Thursday, April 5, 2012

Braveheart





















It was said long ago that there was a king named Melchizedek. "Without father or mother, without genealogy..."(Hebrrews 7:3). Hence "Mel" became my father's favorite name for the stray dogs he adopted, which were of uncertain parentage. And Melchizedek represented a holy order for those priests born outside of the ordinary way. As Isaiah wrote once, "Sing, O barren woman....because more are the children of the desolate woman than of her who has a husband." And John writes of "...children born not of natural descent, nor of human decision or a husband's will, but born of God." So Abraham becomes the father of many nations in a very unexpected way. By the Spirit, not the flesh. The whole ancient patriarchal system was overturned. And life could once again spring from outside the pre-programmed systems of control, where destinies were determined by a look at the genitals: circumcised, or not; male, or not.

Today I exercised my own "high priesthood" in my home and farm, as my housemates and farmmates often do towards me. Today I buried Braveheart. This kitten, probably predestined by some defect to die, which the mother could tell, though she and I and my daughters worked together restore it, struggled for two days to hang on to life. I held the newborn creature in my hands, warming it, and was awed by the inner strength. Here was life! It was brief, and yet, so full. We had to try. Watching, feeding it a drop at a time, cleaning it.

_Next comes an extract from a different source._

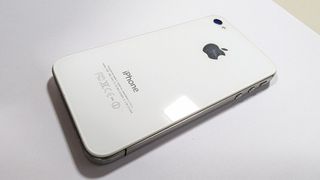 Apple iPhone 4S Bianco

"You are a priest forever". I say to Braveheart's grave. A sacrament of the Creator's eternal gift of life that shows us the way to love. And I go about my life, and try to remember to carry on this priesthood of foundlings, we who have been brought into the glorious basileia of God by the second Adam, but first born back from among the dead. We bury the dead- the dogs, chickens and cats- and bless the profane, making it holy. Even shit is holy, composted and returned to earth to bless the trees and flowering herbs, the grains and vines, the making of bread and wine for the Lord's own table, where it is again blessed and made holy in the unending continuum of priesthoodness. So holy, that children skip and run after receiving. And babies babble the Gospel anew to bereaved widows.